→ **What you should do**
For the records below, print the lines from the line with "Jual IBS Minyak" through the line with "William N. Jacobellis" exactly as written; include both end lines and exclude the rest.

= Beginning of Section =

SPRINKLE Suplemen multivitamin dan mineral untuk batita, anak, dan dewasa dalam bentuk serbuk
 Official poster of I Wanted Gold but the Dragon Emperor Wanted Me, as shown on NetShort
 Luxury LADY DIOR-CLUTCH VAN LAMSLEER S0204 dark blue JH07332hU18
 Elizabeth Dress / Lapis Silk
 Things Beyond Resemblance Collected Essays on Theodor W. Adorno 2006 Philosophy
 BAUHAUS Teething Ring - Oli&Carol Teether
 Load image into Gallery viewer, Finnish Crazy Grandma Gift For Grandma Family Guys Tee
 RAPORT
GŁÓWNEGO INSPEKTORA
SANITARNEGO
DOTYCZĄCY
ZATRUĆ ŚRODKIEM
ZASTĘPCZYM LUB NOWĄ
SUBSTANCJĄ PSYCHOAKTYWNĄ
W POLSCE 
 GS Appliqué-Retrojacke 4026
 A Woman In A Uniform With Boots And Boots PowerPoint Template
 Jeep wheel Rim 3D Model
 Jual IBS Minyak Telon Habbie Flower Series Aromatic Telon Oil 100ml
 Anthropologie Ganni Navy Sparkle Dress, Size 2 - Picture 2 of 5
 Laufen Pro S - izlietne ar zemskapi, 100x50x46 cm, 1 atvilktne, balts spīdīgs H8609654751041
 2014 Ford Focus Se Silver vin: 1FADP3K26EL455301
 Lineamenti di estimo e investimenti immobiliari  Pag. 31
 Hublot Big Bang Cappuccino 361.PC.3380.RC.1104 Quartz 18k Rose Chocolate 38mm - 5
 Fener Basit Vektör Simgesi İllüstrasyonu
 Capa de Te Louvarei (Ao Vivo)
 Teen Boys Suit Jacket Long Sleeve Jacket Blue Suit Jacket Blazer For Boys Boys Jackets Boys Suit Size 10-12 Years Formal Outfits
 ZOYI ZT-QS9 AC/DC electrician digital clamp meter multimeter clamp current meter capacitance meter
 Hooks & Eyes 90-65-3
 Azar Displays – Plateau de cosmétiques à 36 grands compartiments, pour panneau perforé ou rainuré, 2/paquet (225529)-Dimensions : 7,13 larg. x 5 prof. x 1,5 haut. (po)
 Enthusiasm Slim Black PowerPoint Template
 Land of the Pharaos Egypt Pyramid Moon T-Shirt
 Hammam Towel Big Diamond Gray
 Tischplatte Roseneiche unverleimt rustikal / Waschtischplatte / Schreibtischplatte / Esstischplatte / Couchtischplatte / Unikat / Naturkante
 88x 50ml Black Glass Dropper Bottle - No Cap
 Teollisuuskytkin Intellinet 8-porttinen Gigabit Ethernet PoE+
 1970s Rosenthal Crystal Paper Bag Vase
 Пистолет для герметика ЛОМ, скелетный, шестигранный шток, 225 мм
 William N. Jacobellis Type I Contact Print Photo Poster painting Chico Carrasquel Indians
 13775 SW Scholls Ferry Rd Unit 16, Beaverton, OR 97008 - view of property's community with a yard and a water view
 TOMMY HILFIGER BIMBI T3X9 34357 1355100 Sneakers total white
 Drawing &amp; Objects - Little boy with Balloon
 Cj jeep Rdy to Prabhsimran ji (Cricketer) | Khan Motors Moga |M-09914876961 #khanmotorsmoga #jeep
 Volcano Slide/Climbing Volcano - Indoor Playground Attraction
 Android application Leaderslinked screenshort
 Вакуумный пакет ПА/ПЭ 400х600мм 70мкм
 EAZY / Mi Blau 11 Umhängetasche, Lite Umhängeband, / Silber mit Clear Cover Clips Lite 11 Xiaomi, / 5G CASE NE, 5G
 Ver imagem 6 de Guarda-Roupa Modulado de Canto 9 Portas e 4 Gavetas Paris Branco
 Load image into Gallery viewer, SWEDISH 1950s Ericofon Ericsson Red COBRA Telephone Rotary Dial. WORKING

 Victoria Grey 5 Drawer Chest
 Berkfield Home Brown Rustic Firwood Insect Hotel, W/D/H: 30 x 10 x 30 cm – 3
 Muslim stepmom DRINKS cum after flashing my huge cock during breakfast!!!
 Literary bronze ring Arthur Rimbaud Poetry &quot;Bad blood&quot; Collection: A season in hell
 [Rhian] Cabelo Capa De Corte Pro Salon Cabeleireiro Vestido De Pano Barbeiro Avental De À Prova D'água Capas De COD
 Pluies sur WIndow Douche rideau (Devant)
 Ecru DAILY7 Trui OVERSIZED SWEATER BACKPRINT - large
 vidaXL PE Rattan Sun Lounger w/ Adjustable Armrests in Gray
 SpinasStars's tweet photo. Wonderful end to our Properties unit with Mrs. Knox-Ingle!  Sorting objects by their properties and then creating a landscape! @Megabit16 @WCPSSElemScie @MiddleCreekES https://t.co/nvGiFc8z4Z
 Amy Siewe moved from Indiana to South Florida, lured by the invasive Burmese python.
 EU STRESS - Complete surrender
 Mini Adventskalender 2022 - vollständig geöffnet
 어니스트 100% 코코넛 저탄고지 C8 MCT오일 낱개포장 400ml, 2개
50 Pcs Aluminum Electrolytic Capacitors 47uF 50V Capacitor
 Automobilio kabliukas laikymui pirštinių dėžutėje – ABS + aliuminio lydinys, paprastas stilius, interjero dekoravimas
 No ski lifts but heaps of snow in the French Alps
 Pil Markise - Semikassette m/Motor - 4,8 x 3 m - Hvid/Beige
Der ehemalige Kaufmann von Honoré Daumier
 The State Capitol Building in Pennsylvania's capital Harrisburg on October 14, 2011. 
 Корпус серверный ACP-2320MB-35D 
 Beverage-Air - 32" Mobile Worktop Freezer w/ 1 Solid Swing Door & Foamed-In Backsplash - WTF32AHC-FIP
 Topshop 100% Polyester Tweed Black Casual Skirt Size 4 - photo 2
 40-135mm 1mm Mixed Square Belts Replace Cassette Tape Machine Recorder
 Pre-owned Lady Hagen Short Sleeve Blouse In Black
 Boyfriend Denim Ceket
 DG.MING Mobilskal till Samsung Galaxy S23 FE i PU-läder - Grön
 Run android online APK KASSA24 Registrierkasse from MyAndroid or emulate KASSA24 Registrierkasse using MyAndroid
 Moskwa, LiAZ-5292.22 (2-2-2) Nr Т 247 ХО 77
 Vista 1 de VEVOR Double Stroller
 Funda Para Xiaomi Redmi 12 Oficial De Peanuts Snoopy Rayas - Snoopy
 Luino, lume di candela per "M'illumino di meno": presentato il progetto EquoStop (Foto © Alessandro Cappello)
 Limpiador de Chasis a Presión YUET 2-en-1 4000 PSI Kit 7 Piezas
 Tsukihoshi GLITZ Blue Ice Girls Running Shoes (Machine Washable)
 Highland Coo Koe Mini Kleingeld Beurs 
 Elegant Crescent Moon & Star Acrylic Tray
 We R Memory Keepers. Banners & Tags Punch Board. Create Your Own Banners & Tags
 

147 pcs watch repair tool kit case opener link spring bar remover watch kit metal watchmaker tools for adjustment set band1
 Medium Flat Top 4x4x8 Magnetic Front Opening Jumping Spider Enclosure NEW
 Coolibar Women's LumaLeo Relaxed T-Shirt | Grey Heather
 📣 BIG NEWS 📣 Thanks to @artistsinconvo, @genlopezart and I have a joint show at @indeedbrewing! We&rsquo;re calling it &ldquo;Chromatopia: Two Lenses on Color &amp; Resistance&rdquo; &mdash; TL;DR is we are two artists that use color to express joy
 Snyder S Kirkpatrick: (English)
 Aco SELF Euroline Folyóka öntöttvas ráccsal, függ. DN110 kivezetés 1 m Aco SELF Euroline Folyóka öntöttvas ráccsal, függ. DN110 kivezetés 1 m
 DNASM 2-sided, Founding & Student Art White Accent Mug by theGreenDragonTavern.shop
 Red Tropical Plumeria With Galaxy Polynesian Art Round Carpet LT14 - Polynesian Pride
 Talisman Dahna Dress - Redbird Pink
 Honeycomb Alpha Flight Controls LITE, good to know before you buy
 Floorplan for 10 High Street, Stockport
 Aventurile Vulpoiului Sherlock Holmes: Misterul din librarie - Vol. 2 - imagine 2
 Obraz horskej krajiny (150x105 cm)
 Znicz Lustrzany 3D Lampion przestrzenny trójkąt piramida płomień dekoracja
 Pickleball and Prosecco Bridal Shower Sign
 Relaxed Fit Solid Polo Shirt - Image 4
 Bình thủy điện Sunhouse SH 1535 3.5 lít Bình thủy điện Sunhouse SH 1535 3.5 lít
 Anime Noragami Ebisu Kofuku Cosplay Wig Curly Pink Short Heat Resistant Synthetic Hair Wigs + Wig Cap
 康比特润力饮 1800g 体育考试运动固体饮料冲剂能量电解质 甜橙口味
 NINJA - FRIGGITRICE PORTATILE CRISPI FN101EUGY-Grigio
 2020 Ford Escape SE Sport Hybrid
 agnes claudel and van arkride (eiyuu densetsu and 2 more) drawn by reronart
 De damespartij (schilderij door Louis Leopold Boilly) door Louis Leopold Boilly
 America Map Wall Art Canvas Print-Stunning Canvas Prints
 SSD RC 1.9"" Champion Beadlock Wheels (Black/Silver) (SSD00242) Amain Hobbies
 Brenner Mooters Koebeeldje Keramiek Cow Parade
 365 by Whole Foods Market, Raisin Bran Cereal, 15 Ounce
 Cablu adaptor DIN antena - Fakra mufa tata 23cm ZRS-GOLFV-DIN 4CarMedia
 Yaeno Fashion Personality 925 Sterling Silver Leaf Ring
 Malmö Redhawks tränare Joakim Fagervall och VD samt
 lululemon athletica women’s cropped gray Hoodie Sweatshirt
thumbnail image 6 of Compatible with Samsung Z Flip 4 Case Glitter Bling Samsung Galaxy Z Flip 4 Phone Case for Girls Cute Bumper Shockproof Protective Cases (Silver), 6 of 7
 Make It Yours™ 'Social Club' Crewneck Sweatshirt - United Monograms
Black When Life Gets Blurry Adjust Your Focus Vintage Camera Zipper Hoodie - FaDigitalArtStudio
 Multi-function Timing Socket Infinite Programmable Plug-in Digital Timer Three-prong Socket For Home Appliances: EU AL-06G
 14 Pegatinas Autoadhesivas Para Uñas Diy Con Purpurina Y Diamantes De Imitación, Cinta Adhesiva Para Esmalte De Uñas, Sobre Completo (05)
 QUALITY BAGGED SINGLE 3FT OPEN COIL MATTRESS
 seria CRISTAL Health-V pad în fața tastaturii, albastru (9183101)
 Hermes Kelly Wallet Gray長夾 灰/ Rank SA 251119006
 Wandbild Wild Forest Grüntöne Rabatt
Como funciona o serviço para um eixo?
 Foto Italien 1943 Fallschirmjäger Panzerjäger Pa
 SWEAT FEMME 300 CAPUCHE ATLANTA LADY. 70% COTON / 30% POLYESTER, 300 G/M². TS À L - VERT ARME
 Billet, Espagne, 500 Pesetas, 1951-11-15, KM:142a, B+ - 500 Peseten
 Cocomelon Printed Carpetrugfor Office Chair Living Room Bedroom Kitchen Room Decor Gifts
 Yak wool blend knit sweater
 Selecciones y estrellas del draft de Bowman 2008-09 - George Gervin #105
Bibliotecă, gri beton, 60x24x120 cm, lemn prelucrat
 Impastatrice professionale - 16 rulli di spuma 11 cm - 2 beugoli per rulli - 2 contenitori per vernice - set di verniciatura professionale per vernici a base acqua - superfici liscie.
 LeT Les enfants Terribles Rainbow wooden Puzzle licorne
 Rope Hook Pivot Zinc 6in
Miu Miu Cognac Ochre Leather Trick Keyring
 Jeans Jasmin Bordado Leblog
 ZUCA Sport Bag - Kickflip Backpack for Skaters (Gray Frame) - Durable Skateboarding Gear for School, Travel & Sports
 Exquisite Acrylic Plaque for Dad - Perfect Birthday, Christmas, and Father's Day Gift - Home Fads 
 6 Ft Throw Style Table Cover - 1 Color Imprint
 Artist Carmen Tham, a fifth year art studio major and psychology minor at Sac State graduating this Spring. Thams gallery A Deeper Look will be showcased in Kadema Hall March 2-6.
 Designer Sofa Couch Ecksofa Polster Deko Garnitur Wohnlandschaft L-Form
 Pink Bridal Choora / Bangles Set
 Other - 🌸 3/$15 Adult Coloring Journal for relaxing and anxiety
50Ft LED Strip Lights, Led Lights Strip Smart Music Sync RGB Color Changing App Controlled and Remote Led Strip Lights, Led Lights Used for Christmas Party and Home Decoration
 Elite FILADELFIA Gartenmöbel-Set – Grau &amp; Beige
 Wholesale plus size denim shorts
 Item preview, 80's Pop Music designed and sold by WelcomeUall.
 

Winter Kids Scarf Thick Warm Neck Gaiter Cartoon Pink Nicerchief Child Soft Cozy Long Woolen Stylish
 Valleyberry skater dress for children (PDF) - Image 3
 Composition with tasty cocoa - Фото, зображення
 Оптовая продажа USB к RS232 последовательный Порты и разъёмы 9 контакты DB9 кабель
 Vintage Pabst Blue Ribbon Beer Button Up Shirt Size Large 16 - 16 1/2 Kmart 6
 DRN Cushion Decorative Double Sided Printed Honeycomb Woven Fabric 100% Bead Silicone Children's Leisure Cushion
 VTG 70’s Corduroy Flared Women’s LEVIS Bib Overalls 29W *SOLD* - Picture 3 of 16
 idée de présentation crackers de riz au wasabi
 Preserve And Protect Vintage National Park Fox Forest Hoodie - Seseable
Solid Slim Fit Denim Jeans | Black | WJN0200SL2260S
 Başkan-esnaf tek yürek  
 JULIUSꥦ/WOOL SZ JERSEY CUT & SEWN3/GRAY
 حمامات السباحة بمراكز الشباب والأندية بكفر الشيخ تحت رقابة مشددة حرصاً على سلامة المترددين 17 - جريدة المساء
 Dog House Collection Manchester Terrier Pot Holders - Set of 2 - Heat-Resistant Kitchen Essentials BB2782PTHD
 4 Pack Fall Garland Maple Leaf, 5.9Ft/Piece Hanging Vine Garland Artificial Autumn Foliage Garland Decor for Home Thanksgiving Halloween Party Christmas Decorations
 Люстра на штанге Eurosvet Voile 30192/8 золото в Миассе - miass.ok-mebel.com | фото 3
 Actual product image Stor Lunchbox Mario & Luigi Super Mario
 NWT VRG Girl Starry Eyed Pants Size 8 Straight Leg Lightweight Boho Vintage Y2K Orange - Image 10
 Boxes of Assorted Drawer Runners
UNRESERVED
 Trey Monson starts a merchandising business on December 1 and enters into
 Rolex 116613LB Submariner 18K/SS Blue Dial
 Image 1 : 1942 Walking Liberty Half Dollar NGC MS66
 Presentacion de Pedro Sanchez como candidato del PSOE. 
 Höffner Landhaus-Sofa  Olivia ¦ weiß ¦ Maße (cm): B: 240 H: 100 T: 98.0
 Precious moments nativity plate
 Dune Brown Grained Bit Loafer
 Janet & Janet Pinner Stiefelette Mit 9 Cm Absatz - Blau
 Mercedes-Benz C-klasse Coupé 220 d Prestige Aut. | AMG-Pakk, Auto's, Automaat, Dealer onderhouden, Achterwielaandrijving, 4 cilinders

= End of Section =

→ **Result for this task**
 Jual IBS Minyak Telon Habbie Flower Series Aromatic Telon Oil 100ml
 Anthropologie Ganni Navy Sparkle Dress, Size 2 - Picture 2 of 5
 Laufen Pro S - izlietne ar zemskapi, 100x50x46 cm, 1 atvilktne, balts spīdīgs H8609654751041
 2014 Ford Focus Se Silver vin: 1FADP3K26EL455301
 Lineamenti di estimo e investimenti immobiliari  Pag. 31
 Hublot Big Bang Cappuccino 361.PC.3380.RC.1104 Quartz 18k Rose Chocolate 38mm - 5
 Fener Basit Vektör Simgesi İllüstrasyonu
 Capa de Te Louvarei (Ao Vivo)
 Teen Boys Suit Jacket Long Sleeve Jacket Blue Suit Jacket Blazer For Boys Boys Jackets Boys Suit Size 10-12 Years Formal Outfits
 ZOYI ZT-QS9 AC/DC electrician digital clamp meter multimeter clamp current meter capacitance meter
 Hooks & Eyes 90-65-3
 Azar Displays – Plateau de cosmétiques à 36 grands compartiments, pour panneau perforé ou rainuré, 2/paquet (225529)-Dimensions : 7,13 larg. x 5 prof. x 1,5 haut. (po)
 Enthusiasm Slim Black PowerPoint Template
 Land of the Pharaos Egypt Pyramid Moon T-Shirt
 Hammam Towel Big Diamond Gray
 Tischplatte Roseneiche unverleimt rustikal / Waschtischplatte / Schreibtischplatte / Esstischplatte / Couchtischplatte / Unikat / Naturkante
 88x 50ml Black Glass Dropper Bottle - No Cap
 Teollisuuskytkin Intellinet 8-porttinen Gigabit Ethernet PoE+
 1970s Rosenthal Crystal Paper Bag Vase
 Пистолет для герметика ЛОМ, скелетный, шестигранный шток, 225 мм
 William N. Jacobellis Type I Contact Print Photo Poster painting Chico Carrasquel Indians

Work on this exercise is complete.